Perjuangan Tirto di dunia junalistik, khususnya semenjak tahun 1902, membuka jalan dalam babak awal sejarah pers Indonesia.
Pers sebagai pembentuk opini public, pers sebagai alat memperjuangkan hak dan keadilan (jurnalisme advokasi), serta pers sebagai media perlawanan terhadap pemerintah kolonial.
Hal-hal semacam ini belum pernah terjadi sebelumnya dalam ranah perjuangan bangsa Indonesia melawan penjajah.

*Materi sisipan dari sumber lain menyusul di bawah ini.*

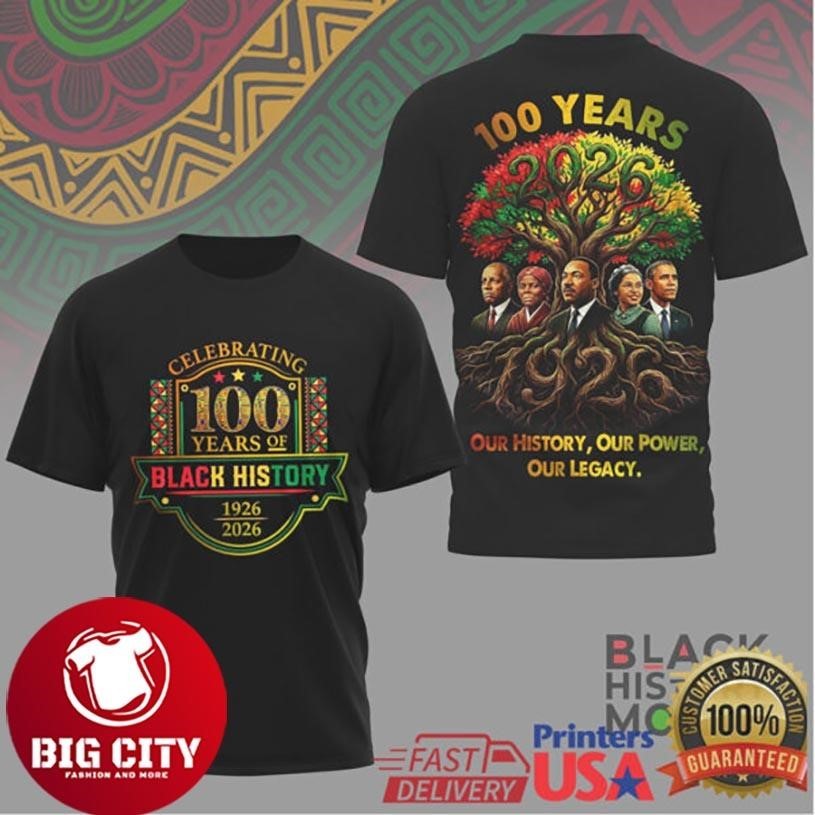 Our History Power Legacy 100 Years Black Two Sided - Adult & Kids T-Shirts, Sweatshirts & Hoodies apparel design preview 1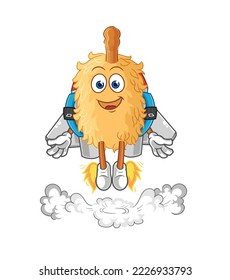 the feather duster with jetpack mascot. cartoon vector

Tirto Adhi Soerjo-lah yang pertama-tama memulainya, dialah sang Bapak Pers Indonesia.
Tirto Adhi Soerjo merupakan tokoh pertama yang mengembangkan jurnalisme di Indonesia.
Namun, sayang, perjuangan Tirto Adhi Soerjo seakan terkubur.
Saat Tirto wafat, tidak ada lautan orang yang mengantarkan jenazahnya ke pekuburan di Manggadua.
Hanya segelintir orang yang mengantarkan Tirto ke peristirahatan terakhir.
Kisah perjuangan Tirto Adhi Soerjo diabadikan oleh sastrawan Pramoedya Ananta Toer selepas keluar dari pembuangan pulau Buru awal tahun 1980-an.
Dan ditulis dengan nama Minke dalam Buku Tetralogi Buru, empat buku tebal yang berjudul Bumi Manusia, Anak Semua Bangsa, Jejak Langkah, dan Rumah Kaca.
Selain Tetralogi Buru, Pramoedya Ananta Toer pun menulis kekagumannya atas Tirto Adhi Soerjo dalam Buku Sang Pemula.
Entah alasan pemerintah saat itu apa sehingga karya Tetralogi Pulau Buru itu dilarang terbit dan beredar.